The concept of “value capture” surfaces as a possible path to more equitable growth.
QUITO—The United Nations global cities summit, Habitat III, began with long security lines under a bright Andes sun, and ended in song. The musical group Nick Horner Family performed “City of Dreams” on the final day of the conference that drew some 40,000 participants. A little more than an hour before, the New Urban Agenda—a manifesto intended to guide the future growth of cities worldwide—was officially adopted.
But as attendees flock to the airport to go home, what actually was accomplished? What happens now?
Among the many takeaways, Habitat III may very well have given birth to a land use revolution. Many participants, as well as the president of Ecuador, are calling into question the historic financial model of city-building, where government provides the streets and other infrastructure, and private landowners and developers take it from there. In the process, one of the hottest topics at the summit has emerged with unlikely celebrity: value capture, where the private sector must acknowledge that an array of government actions—from a zoning change to putting in a light rail line—prompt huge increases in property value.
Ecuador President Rafael Vicente Correa Delgado, an economist by training, started the bidding early on at the conference by proposing legislation to curb real estate speculation. If a landowner purchases a plot of land for $100, and sells it five years later for $500, he or she would only be able to realize a 7.5 percent price appreciation under Correa’s proposal; the rest would essentially be confiscated by the government. You can think of it as a more extreme version of President Obama’s admonition that “you didn’t build that”—that the bulk of increases in value, plusvalía in Spanish, are the result of public investments framing the land, and thus should be recaptured.
Correa’s concept is not actually a pure version of value capture. Elsewhere in Latin America, land-based financing mechanisms takes other forms, such as “betterment contributions” or developer exactions providing funds for urban development at the front end. In São Paulo, Brazil, landowners begin with a floor-area-ratio of 1. If they want to build anything more, they must purchase certificates traded on the stock market.
In yet another form of value capture, government may increase the building envelope in growth areas in return for more affordable housing provided by developers—a version of the “density bonus” that has been deployed in the United States. But otherwise the concept is the same: when government sets zoning that will ultimately benefit the private sector, the private sector must give something back.
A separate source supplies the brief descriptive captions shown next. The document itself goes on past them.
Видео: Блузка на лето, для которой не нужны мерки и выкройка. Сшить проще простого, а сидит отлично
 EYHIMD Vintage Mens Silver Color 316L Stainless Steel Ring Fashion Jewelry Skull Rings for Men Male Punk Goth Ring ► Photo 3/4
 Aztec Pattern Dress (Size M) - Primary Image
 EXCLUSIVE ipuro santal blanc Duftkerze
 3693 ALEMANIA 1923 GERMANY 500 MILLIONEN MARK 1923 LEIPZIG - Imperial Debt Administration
Value capture has a long history, going back to Roman times in the construction of infrastructure such as aqueducts. The framework was in place in the Philippines in the colonial era as far back as the 16th century, and was inherent in redevelopment plans for Paris in the 19th century. The 19th century political economist Henry George, who advocated a single tax on land or land value tax, spelled out how real estate owners were enjoying a windfall by being smart or lucky enough to purchase land near a train station, for example.
Today, value capture is in relatively wide use in Latin America, Asia, and Europe, and is beginning to gain traction in the United States. Transportation officials in Massachusetts, confronting cost overruns in the extension of the Green Line through Somerville, have floated the idea of having the private sector pay for new stations along the new corridor, recognizing that transit-oriented development will be enormously profitable. Land is already more valuable along the route of the line, in many cases in industrial areas that have been rezoned for mixed-use development.
In Dallas-Fort Worth, the proposed rail line known as the Cotton Belt is predicated on a similar framework: that private development benefitting from the infrastructure should contribute to the public works in the first place. Australia is also wading into these waters, with the prime minister calling for a gear change in how major urban infrastructure is financed.
A backlash to all of this has already begun, starting with a critique that value capture is a new kind of tax on private landowners and developers. Complex questions about property rights are also being raised—what it means to own land, a commodity in fixed supply.
But it was striking how often value capture came up in the sessions of Habitat III. In a way it’s no surprise. The basic premise of the conference was how global cities can accommodate huge increases in population in the coming decades. In the current paradigm, downtowns are densifying, while unplanned and irregular growth sprawls out at the periphery. There’s a clear need for infrastructure, housing, and amenities such as parks and open spaces in these growth areas, but the question is how to pay for all of those things. Local governments are charged with the responsibility, but don’t have many options. In most cases, cities are severely constrained by national governments on how they can raise revenues.
The concept of value capture is embedded in the New Urban Agenda, and UN-Habitat executive director Joan Clos sprinkled in references to it in his many official remarks, including at a press conference on how the media covers Habitat III issues. He called on journalists to explain how urban planning and urban design increases property values in the process of urbanization. “Who is explaining that?” he said.
Does it sound a bit radical, to change the paradigm of urban development going forward? It’s not revolutionary enough for some, who led protests outside Habitat III and organized parallel alternative gatherings urging more action to improve conditions for the urban poor. Amid the camouflage fatigues and cocked berets of the soldiers around this city, and the progressive impulses of the Latin America region, the concept of value capture may be the most conservative revolution in city-building at hand.